In den USA wurde eine Frau, die im großen Stil mit gefälschten Netzwerksystemen handelte, zu einer hohen Haftstrafe verurteilt. Fünf Jahre muss sie hinter Gitter, teilte das US-Justizministerium mit. Der zuständige Richter Gerald Bruce Lee fand sie der Verschwörung zum Import und Verkauf gefälschter Cisco-Produkte für schuldig.
Das an einem Bezirksgericht im US-Bundesstaat Virginia ergangene Urteil legte außerdem fest, dass die chinesisch-stämmige Frau eine Geldstrafe von 17.500 Dollar sowie 2,7 Millionen Dollar Schadensersatz an Cisco zu zahlen habe. Richter Lee entzog ihr letztlich auch noch die Staatsangehörigkeit der USA.

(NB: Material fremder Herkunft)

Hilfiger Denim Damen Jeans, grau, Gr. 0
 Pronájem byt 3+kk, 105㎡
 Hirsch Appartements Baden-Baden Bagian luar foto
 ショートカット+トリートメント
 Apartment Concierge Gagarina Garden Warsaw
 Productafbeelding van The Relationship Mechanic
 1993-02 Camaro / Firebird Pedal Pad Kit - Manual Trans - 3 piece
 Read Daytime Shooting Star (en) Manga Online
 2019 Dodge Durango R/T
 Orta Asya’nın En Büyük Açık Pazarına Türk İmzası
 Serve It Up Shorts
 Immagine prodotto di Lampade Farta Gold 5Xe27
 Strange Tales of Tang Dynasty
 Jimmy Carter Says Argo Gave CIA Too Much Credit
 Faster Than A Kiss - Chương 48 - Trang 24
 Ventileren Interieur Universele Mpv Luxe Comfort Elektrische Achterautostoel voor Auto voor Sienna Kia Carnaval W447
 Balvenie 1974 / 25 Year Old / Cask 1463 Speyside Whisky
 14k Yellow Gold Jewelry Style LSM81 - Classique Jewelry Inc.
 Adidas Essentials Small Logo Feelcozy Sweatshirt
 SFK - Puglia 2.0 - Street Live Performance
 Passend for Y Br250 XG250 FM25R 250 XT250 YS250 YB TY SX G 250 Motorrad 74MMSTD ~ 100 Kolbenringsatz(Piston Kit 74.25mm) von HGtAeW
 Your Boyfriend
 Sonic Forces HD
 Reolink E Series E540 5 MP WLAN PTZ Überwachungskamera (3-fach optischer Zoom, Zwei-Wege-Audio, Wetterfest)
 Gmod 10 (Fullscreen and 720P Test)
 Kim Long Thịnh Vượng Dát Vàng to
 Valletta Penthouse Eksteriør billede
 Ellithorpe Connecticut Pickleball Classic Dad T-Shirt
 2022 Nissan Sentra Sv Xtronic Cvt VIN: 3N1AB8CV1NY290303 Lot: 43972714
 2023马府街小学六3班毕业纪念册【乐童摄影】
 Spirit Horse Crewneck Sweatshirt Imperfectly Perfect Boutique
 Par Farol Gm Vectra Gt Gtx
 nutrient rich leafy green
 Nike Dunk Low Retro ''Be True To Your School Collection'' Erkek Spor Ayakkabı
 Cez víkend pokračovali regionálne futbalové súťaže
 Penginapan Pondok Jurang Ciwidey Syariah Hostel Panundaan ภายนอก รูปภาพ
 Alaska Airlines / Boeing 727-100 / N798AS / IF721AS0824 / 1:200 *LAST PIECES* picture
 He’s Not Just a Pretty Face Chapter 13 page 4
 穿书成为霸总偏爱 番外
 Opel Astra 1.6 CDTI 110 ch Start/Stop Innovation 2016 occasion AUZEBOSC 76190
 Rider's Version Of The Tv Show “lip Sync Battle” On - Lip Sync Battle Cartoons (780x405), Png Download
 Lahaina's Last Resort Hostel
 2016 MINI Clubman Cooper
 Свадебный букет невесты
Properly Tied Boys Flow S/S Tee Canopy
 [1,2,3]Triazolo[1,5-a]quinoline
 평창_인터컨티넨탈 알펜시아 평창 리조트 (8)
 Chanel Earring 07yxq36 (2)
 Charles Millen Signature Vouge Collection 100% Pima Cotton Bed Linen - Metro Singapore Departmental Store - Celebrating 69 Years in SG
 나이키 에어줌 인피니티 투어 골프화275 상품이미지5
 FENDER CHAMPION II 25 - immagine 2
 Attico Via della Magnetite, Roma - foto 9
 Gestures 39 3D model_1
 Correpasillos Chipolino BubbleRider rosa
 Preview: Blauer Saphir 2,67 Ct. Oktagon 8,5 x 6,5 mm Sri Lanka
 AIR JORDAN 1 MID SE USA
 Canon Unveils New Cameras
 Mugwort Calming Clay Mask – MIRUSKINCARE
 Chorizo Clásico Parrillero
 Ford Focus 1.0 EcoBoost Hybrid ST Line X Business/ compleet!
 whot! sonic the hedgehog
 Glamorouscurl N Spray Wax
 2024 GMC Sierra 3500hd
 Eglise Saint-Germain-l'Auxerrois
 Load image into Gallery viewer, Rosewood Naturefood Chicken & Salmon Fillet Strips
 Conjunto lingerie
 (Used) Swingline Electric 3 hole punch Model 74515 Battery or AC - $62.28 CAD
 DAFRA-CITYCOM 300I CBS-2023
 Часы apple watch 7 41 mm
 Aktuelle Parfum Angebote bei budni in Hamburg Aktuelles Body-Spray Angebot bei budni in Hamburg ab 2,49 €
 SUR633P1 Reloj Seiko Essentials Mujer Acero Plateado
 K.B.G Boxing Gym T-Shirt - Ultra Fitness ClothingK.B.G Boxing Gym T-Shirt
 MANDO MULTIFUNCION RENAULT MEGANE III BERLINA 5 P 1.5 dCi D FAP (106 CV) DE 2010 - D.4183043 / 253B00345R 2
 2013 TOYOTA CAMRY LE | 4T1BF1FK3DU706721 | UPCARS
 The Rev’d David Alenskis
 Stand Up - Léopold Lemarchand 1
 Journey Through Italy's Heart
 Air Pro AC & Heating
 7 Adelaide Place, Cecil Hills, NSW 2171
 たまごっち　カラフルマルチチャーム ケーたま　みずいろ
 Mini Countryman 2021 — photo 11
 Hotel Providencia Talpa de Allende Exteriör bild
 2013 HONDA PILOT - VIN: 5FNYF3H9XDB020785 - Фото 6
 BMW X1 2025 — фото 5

In dem Urteil wurde angeordnet, dass die Täterin verschiedene Besitztümer zu verkaufen hat, um das geforderte Geld aufbringen zu können: Vier Häuser in den US-Bundesstaaten Maryland und Virginia, eine weitere Wohnanlage, einen Porsche Boxster, einen Porsche Cayenne sowie einen Mercedes Sedan. Zusätzlich wurden sieben Bankkonten beschlagnahmt, auf denen eine Summe von 1,6 Millionen Dollar vorhanden ist.
Die Verurteilte vertrieb die gefälschten Produkte über ein Unternehmen namens JDC Networking. Sie nutzte dabei eine ganze Reihe von Pseudonymen. Im August letzten Jahres flogen ihre Aktivitäten jedoch auf und die Staatsanwaltschaft erhobt nach Abschluss der Ermittlungen Anklage. Bereits im Mai erklärten die Geschworenen in dem Verfahren die Frau für schuldig, eine ganze Reihe von betrügerischen Geschäften getätigt und sich auch die US-Staatsbürgerschaft erschlichen zu haben.
Verschiedene Familienmitglieder in China gelten als Mitverschwörer, können aber von den US-Behörden nicht vor Gericht gestellt werden. Ihnen wird allerdings vorgeworfen, die Machenschaften der Täterin durch falsche Angaben gegenüber verschiedenen US-Behörden unterstützt zu haben. Unter anderem organisierten sie wohl die gefälschten Produkte mit Cisco-Label bei verschiedenen chinesischen Herstellern und fälschten Zoll-Dokumente, um einen Export in die USA zu ermöglichen.